伊勢三郎義盛の正確な出自や年齢は不明ですが、武蔵坊弁慶と違って実在の人物なのは間違いないようです(弁慶に関しては架空の人物とか、義経の逃避行に従った別の僧とか、何人かの僧の象徴などいろいろと説があります)。
源義経筆頭の郎党にあげられていて、「玉葉」「吾妻鏡」「愚管抄」などの史料から「平家物語」「義経記」「源平盛衰記」などの物語に出てきます。
一騎当千の郎党で合戦でも活躍したとされていますが、剣の達人という記述はありません。
俗に義経四天王の1人といわれていますが、この四天王はいろいろな説というか組み合わせがあって、佐藤兄弟と鎌田兄弟の4人という説では伊勢三郎は四天王ではないことになります。
ちなみに義経四天王は
◆伊勢三郎、駿河次郎、亀井六郎、片岡八郎の4人、
◆伊勢三郎、武蔵坊弁慶、佐藤継信、忠信の4人、
◆佐藤継信、忠信兄弟と鎌田盛政、光政兄弟の4人
などの説があります。


物語ではいろいろな伊勢三郎の出自についての記述があります。
◆「義経記」では義経が奥州へ向かう途中の上野国板鼻で泊まった家の主として登場し、父は伊勢国の生まれで大神宮神主のかんらひ義連とされています。
◆「異本義経記」では父は勢州三重郡河島を領して河島二郎盛俊といい、伊勢で生まれ鈴鹿山にいたところ山賊として捕われ上野国松井田に流され、名も武盛といったが義経の義の字を賜わって義盛と改めたとされています。
◆「源平盛衰記」では鈴鹿山で伯母聟与権守または伊勢守景綱を殺し、上野国に流され上野国荒蒔郷に住んでいたと記述されています。
◆「平家物語」では越中次郎兵衛盛次とのやり取りで、「伊勢の鈴鹿山にて山賊して、妻子をも養い」という記述があります。
どれも元々れっきとした武士の出身ではなく山賊や盗賊という記述が多いですが、「源義経のすべて」の前川佳代氏の執筆の章に、(以下、引用)『壇ノ浦の合戦後に捕虜を伴い入洛した伊勢三郎が、肩白赤威の鎧をつけ東国御家人である土肥実平と護衛にあたったことは「侍」身分の出身であったことを物語っている』との記述があります。
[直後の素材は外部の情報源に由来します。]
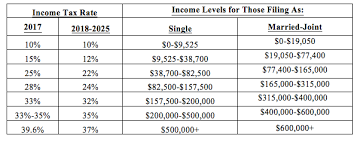 Employee compensation based on the number of allowances claimed by the employee How Does The New Tax Law Affect You Spencer Law Firm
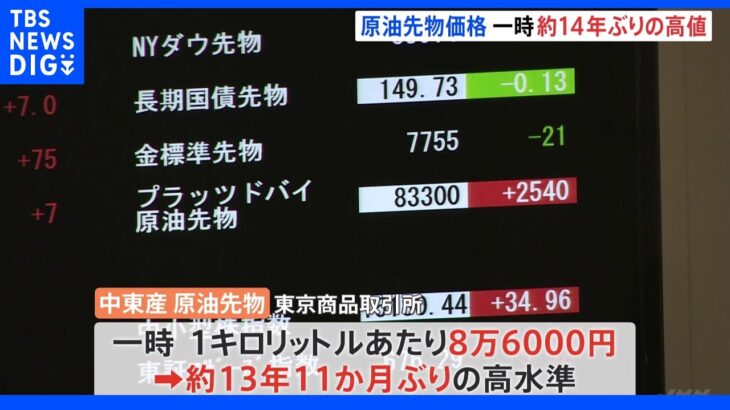 東京原油市場 原油先物価格、一時、約14年ぶりの高値｜TBS NEWS DIG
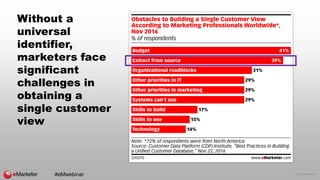 © 2016 eMarketer Inc.
Without a
universal
identifier,
marketers face
significant
challenges in
obtaining a
single customer...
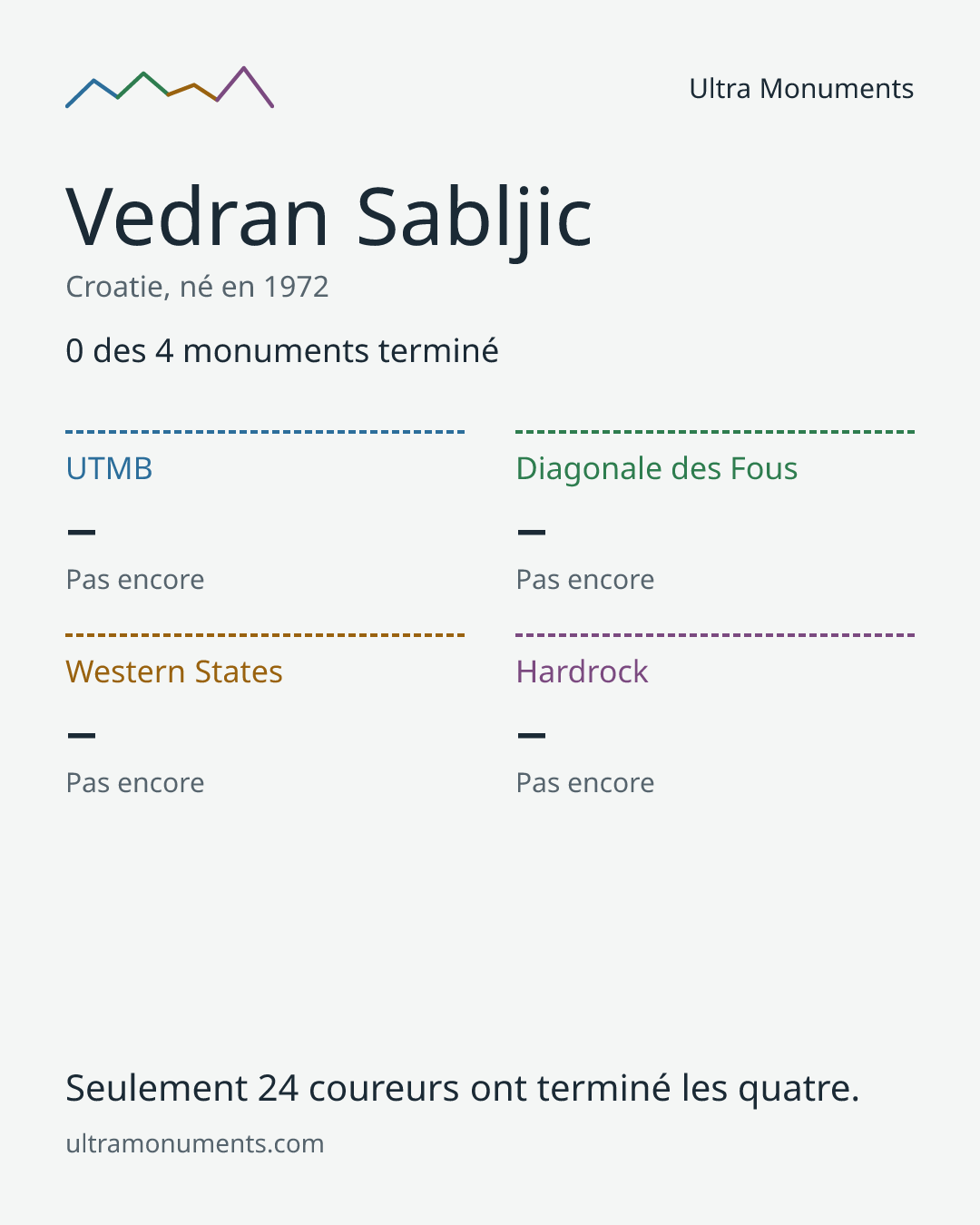Carte des résultats de Vedran Sabljic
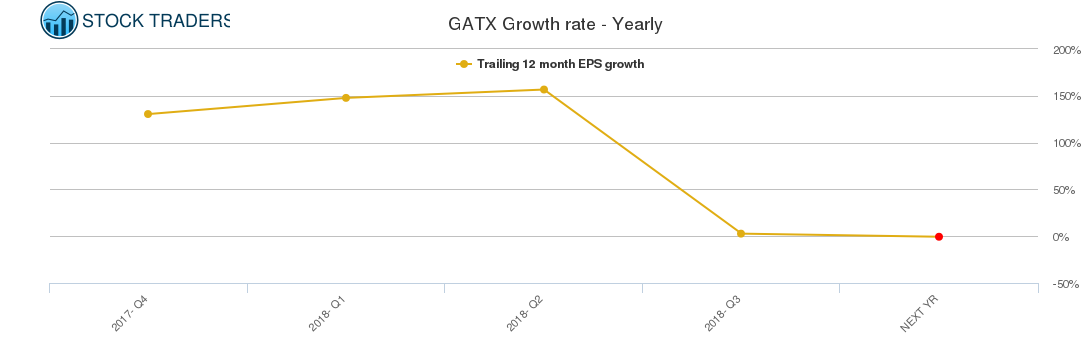 GATX Growth rate - Yearly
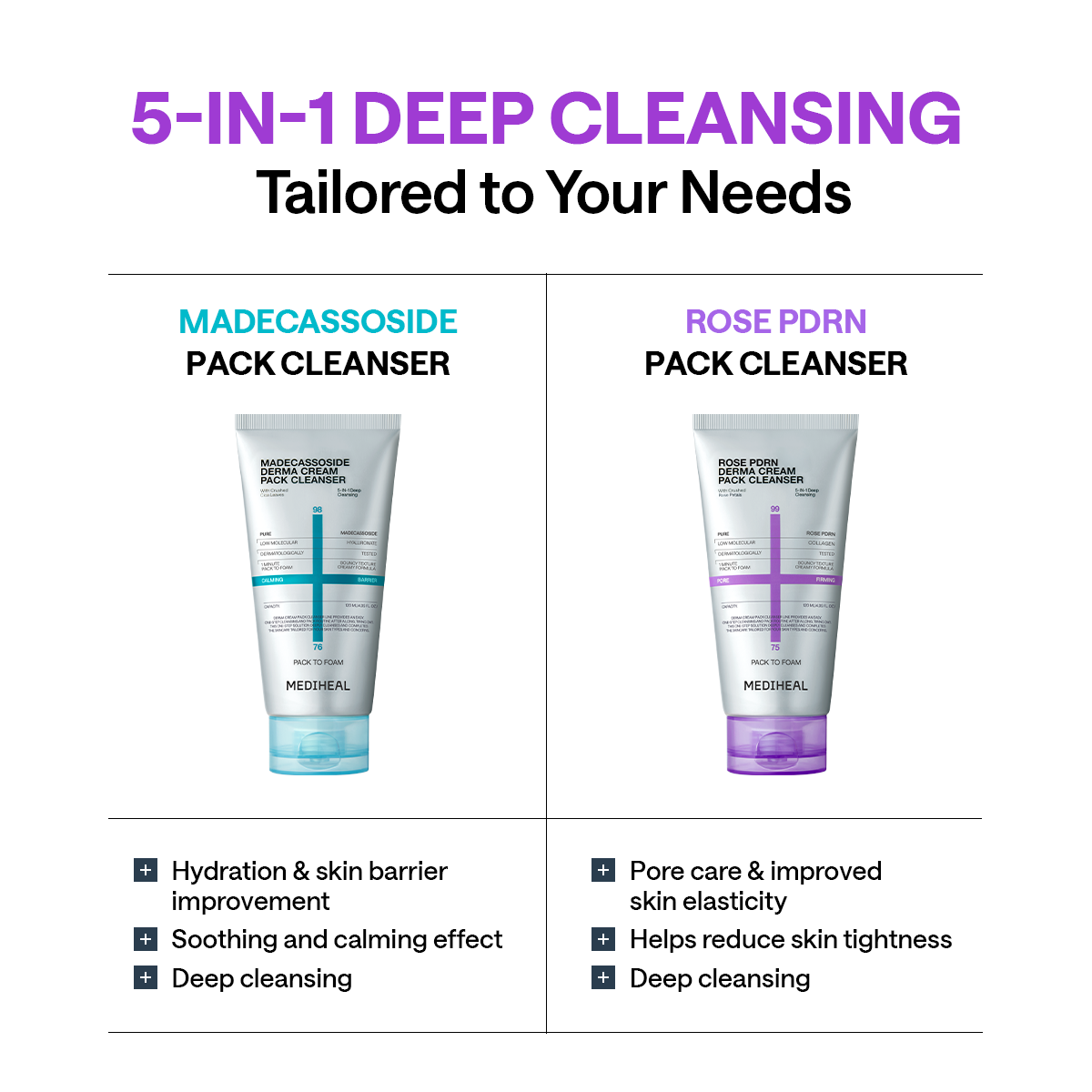 Derma Creampack Cleanser Rose PDRN Pore Firming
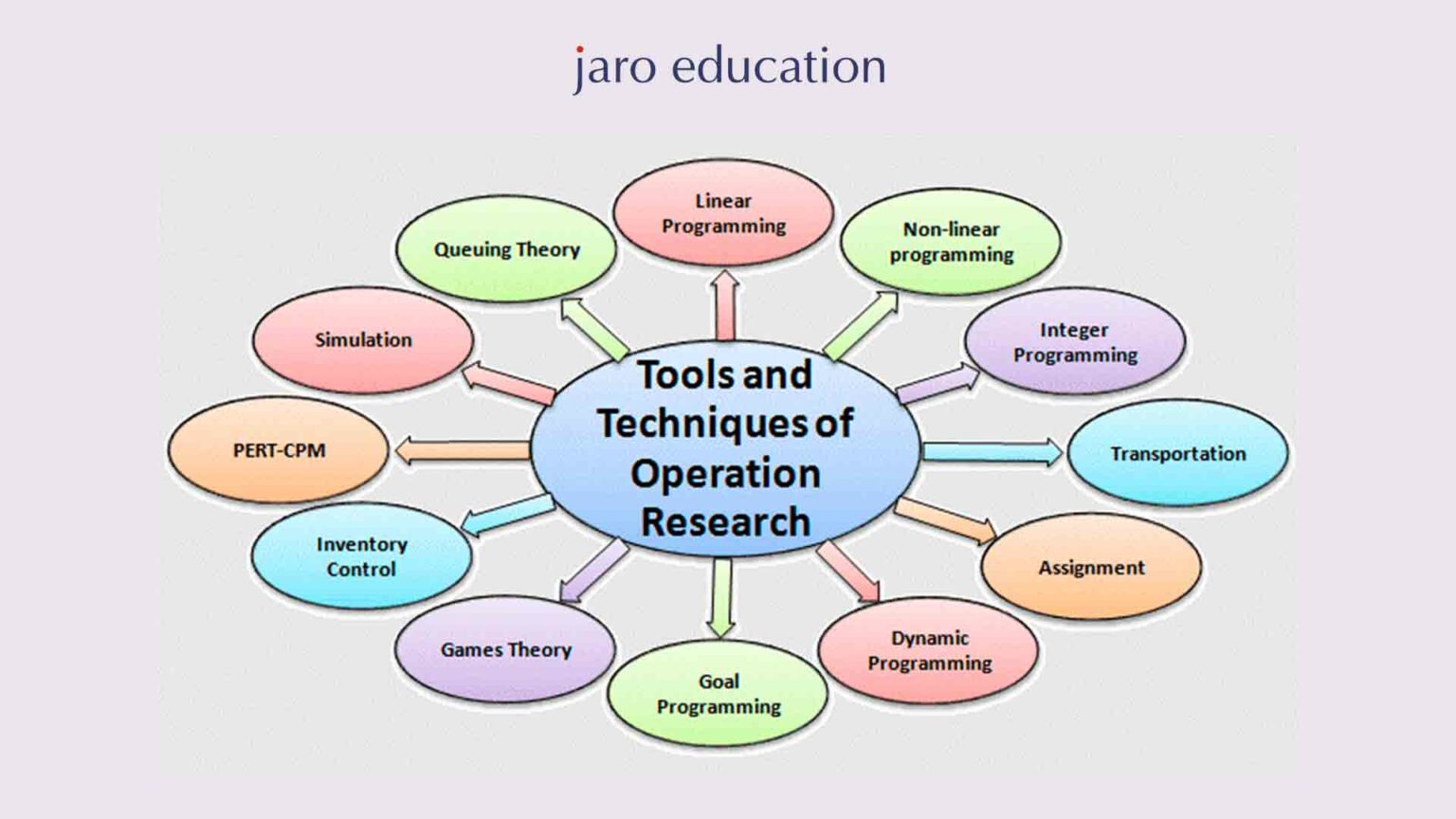 Operation Research Techniques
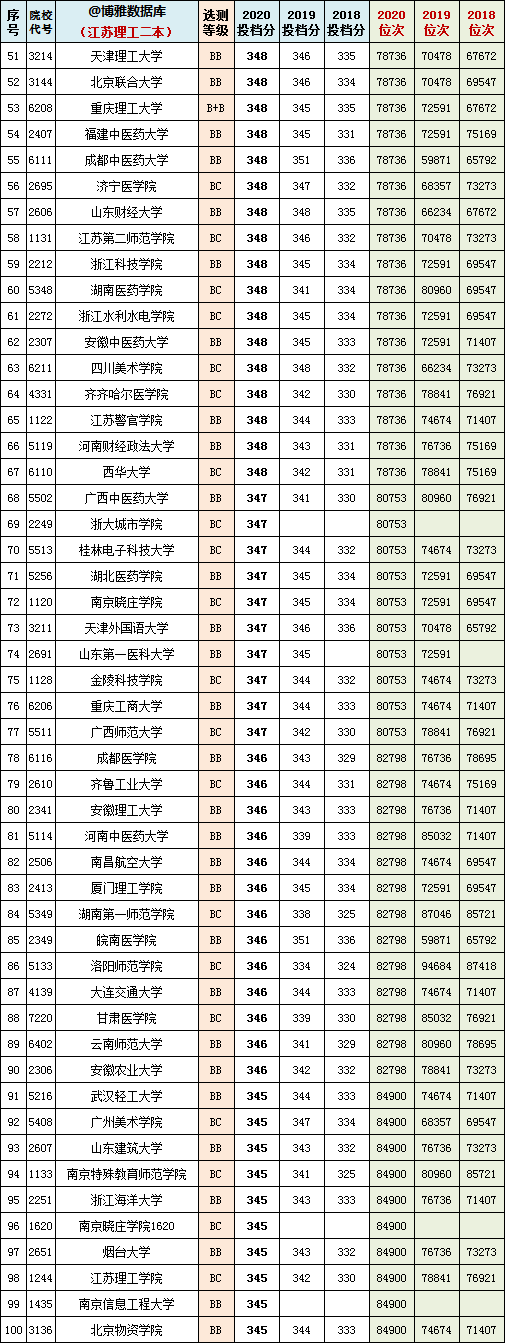 2021年江苏一本院校物理组投档预估分+近三年本科院校投档位次表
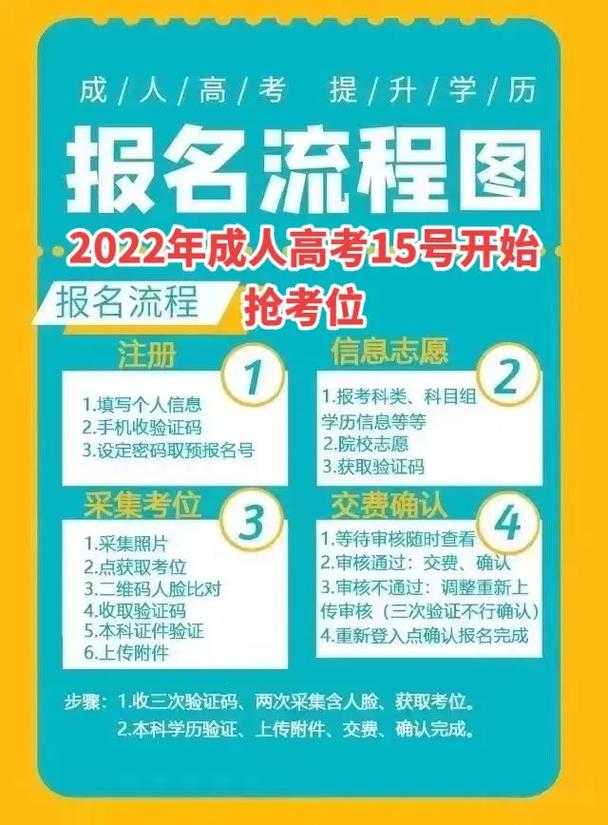 2024年非全日制大专怎么报名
物語などに描かれていて、史実かどうかは解らない伊勢三郎に関する逸話はいくつかあります。
◆那須与一が平家方の船上の扇を射た後、船で舞い始めた男を射るように与一に命じた。
◆16騎で阿波民部重能の嫡子、田内左衛門教能の元へ行き、嘘八百並べて3千騎を降下させた。
◆壇ノ浦の戦いの前、優秀な船頭や船を管理している船所五郎正利を説得して味方にした。
◆壇ノ浦の戦いで、海に飛び込んだ平宗盛親子を熊手で小船に引き上げたなどです。
義経一行が腰越手前の酒匂で足止めされた時、頼朝の妹婿の一条能保の侍従の後藤基清の郎党と伊勢三郎の郎党が乱闘となったことは史料の「吾妻鏡」に記述されているので、史実とされています。
史料の「愚管抄」には木曾義仲を伊勢三郎が討ったと書かれていますが、これは真偽がはっきりしていません。


伊勢三郎の最期は、義経の奥州行きに加わらず伊勢国へ帰り守護首藤四郎を襲撃し失敗、鈴鹿山へ逃亡し自刃しています。「玉葉」には文治2年7月25日に梟首との記述があります。


新歌舞伎十八番の1つで河竹黙阿弥作の「みばえ源氏陸奥日記」の通称が「伊勢三郎」といいます。伊勢三郎と源義経との対面を描いた活歴物です。